I could use some advice from somebody who's better at Scrapy than I am (this is my first time using it)

From chi_ssa_4.py

start_urls = [
    "https://95thstreetba.org/events/category/board-meeting/?"
    "tribe_paged=1&tribe_event_display=list&tribe-bar-date=2017-10-01"
]

def parse(self, response):
        """
        `parse` should always `yield` Meeting items.
        Change the `_parse_title`, `_parse_start`, etc methods to fit your scraping
        needs.
        """
        obj = response.css(".tribe-events-loop .tribe-events-category-board-meeting")
        for item in obj:
            # Only grab things of class tribe-events-category-board-meeting
            start, end = self._parse_time(item)
            meeting = Meeting(
              # ... Removed 
            )

            meeting["status"] = self._get_status(meeting)
            meeting["id"] = self._get_id(meeting)

            yield meeting

        # Look for next page button
        next_page = response.css(
            "#tribe-events-footer .tribe-events-nav-pagination "
            ".tribe-events-sub-nav .tribe-events-nav-next a::attr(href)"
        ).extract_first()
        if next_page:
            yield scrapy.Request(next_page, callback=self.parse)

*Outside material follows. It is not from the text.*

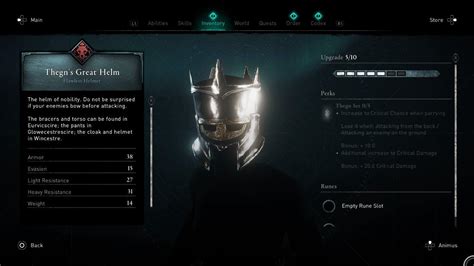 Thegns Great Helm Assassins Creed Valhalla Guide Ign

At the start page, there are only ten meetings on the page, once I finish the page I check for the "next events" button at the bottom and try to scrape it (yield scrapy.Request(next_page, callback=self.parse)). I don't understand generators that well so I'm not sure if I'm doing this right, I based my approach off of chi_ssa_42.py. When I run my test, I get an error saying that Request objects aren't subscriptable (on lines where I try to subscript into parsed_items which should all be Meeting type) so it seems like parse is yielding the Request itself instead of a Meeting.

The problem might just be that only the start page is saved in the tests/files/ dir. I'll try to save a second page and see if that fixes it - just wanted to get some feedback on whether it's the python that's wrong or not

pjsier commented 4 years ago

@JordanLozinski I left some comments on #941 related to this, but in general it looks like cook_landbank could be a good template to follow here

jordan-zilch commented 4 years ago

Thank you. I'll start working on this

alexanderwoo commented 4 years ago

@pjsier Hi Patrick, I can work on this

pjsier commented 4 years ago

@alexanderwoo sounds good! Assigning you now

alexanderwoo commented 4 years ago

@pjsier I see that this one doesn't have any documents, am I scraping for just the time and date? Or are there some documents that I cannot seem to find?

pjsier commented 4 years ago

@alexanderwoo It looks like some in the past have, you can take a look at the last PR for this to see how they showed up in the past #941

alexanderwoo commented 4 years ago

@pjsier It looks like the code was left off at dynamically generating the URL. However, the URLs don't require the date as we're parsing with POST responses. The previous user suggested dynamically generating the start date for POST responses. I'm not too sure how to go about that, any suggestions? Or is there another way of parsing future posts you'd recommend?

pjsier commented 4 years ago

Sorry, I've been a bit out of the loop on this one so let me know if I'm misunderstanding, but after looking at this again it seems like they have the WordPress JSON endpoint enabled here https://95thstreetba.org/wp-json/tribe/events/v1/. There's some documentation in that response, but in general this might be more straightforward to filter using the parameters documented there on this endpoint https://95thstreetba.org/wp-json/tribe/events/v1/events

ledaliang commented 4 years ago

Hi, can I claim this if its no longer being worked on?

pjsier commented 4 years ago

@ledaliang sounds good! I'll assign you now

pjsier commented 4 years ago

Closed by #964, thanks @ledaliang!